There are no vegetables on the Big 8 food allergies list (milk, eggs, fish, shellfish, tree nuts, peanuts, wheat, and soybeans), but some people are allergic to one vegetable or another and I was surprised to learn that celery, and celery root specifically, are particularly problematic.  You can read more about celery allergy and the EU labeling directive regarding it on this University of Nebraska-Lincoln webpage:  For some sufferers allergy symptoms are reduced by cooking the vegetable.

It’s not a super-star as far as vitamins and minerals go, but celery root is only 66 calories per cup, and for that amount provides 2.8 g of dietary fiber, making it a good source.  It is also a good source of phosphorus, potassium, and vitamin B6 and an excellent source of vitamins C and K (Source:

There are many recipes online for celery root slaw or salad, but it’s January, and I’ve been cold for weeks, so I decided to try out a soup recipe instead (original here).

Celery Lovers’ Celery Root Soup

Let me preface this by saying that I love celery.  For a milder flavor (and lighter color), reduce the amount of stems and leaves of the celery root, or omit them altogether.



  • 1 Tablespoon olive oil
  • ½ cup thinly sliced leek
  • ~1 pound celery root with stems and leaves – rinse and finely chop stems and leaves; peel and cube root
  • 1 Yukon Gold potato, peeled and cubed (mine was 5.9 ounces)
  • ½ Granny Smith apple, peeled and cubed (I used about 1.86 ounces)
  • 1 clove minced garlic
  • 1 cup less sodium chicken broth
  • 1 cup water
  • 1 teaspoon sea salt
  • Pinch of pepper


Heat olive oil in a medium saucepan over medium-high heat.  Add leek and cook, stirring occasionally for several minutes, until softened.  Add the rest of the ingredients.  (You may need to add additional water or broth depending on your amount of vegetables.  You want them to just barely be covered with liquid).

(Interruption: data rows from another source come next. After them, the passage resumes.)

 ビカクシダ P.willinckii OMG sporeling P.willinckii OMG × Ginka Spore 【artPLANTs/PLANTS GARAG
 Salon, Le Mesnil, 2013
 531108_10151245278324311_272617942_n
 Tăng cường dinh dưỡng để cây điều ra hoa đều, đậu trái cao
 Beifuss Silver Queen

Bring to a boil, cover, and reduce heat to simmer.  Simmer until all vegetables are tender, about 20-25 minutes.  Drain vegetables, reserving liquid.

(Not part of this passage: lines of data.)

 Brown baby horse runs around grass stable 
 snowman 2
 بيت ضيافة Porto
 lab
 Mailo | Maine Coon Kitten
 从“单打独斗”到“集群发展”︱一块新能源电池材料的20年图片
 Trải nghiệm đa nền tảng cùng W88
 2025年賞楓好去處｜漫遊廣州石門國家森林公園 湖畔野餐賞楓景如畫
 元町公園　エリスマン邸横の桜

In a blender, puree vegetables in batches using as much liquid as necessary to make the puree smooth (I used about a cup).  You’ll want to remove the insert from the center of the blender lid to allow the steam to escape.  Cover with a towel while blending.

Serve warm with a crusty piece of bread.  Makes about three servings.

In the Garden

This vegetable requires a long growing season (about 120 days) so may need to be started indoors and/or grown in a hoophouse depending on your location.  It prefers full sun and soil that is rich in organic matter, and it will not tolerate drought.  Harvest is after the first frost.  While it sounds rather picky, it’s still easier to grow than common celery and people (those who are familiar with it anyway) expect it to look rather funky.  It would be a great conversation starter at a winter CSA or farmers’ market booth.

For tips on growing celeriac check out these Extension pages.  For best results, go by recommendations from a state with similar soils and climate to your own.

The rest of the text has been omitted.